Nigeria's Midstream and Downstream Petroleum Regulatory Authority (NMDPRA) has increased the domestic base price of natural gas for power generation companies to $2.18 per metric million British thermal units (MMBtu), up from $2.13. The change, effective April 1, 2026, was announced in a circular signed by NMDPRA chief executive officer Saidu Mohammed. Commercial users will now pay $2.68 per MMBtu, up from $2.63. Gas-based industries such as those producing ammonia, urea, methanol, and low-sulphur diesel will operate within a price range of $0.90 to $2.18 per MMBtu.
The NMDPRA cited Section 167(1) of the Petroleum Industry Act (PIA), market conditions, and the Gas Pricing and Domestic Demand Regulations as the basis for the adjustment. The pricing framework aims to balance the need to attract upstream gas supply with maintaining affordability for domestic users. Power companies already face over $6 billion in accumulated debt, foreign exchange challenges, and inconsistent gas supply. The government hopes the revised pricing will encourage more gas producers to prioritise the local market without overburdening power generators. Nigeria's grid has long operated below capacity, with gas availability a key constraint.

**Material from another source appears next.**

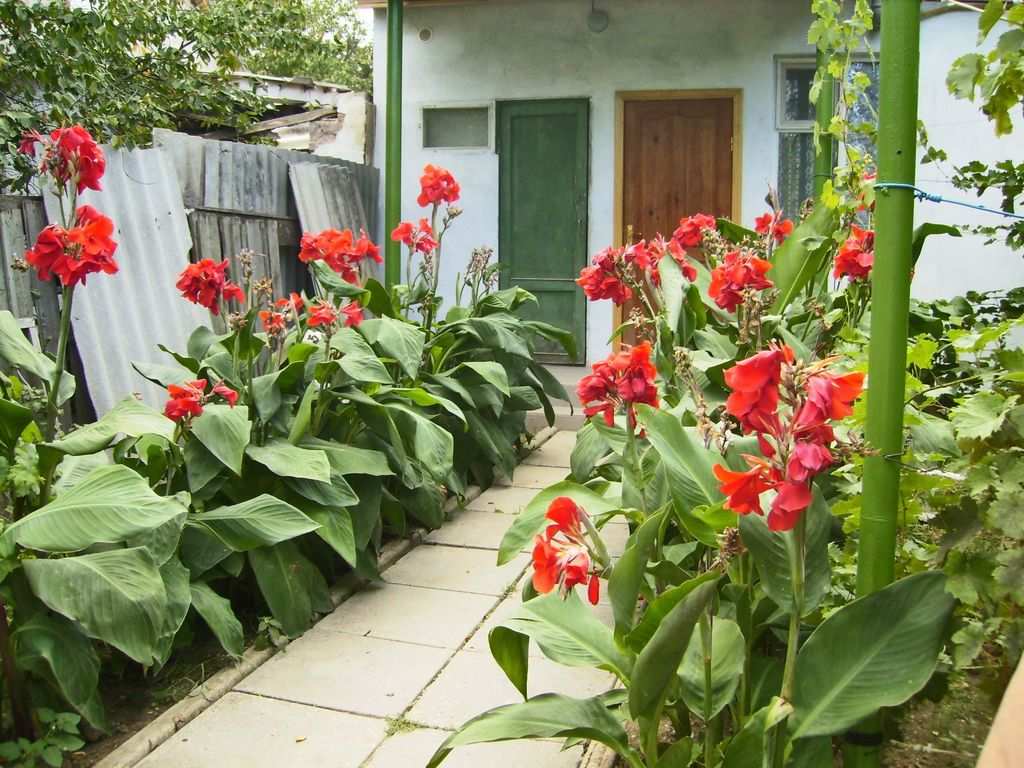 Фото квартиры 1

A five-cent gas price hike won't fix Nigeria's power sector—what matters is whether Saidu Mohammed's NMDPRA can enforce payment discipline across the value chain. The sector's core problems are not pricing but a $6 billion debt pile and broken off-taker reliability. If generators still can't pay for gas, even at $2.18, the adjustment changes nothing on the ground. Without tackling the financial rot, incremental moves like this are just accounting exercises.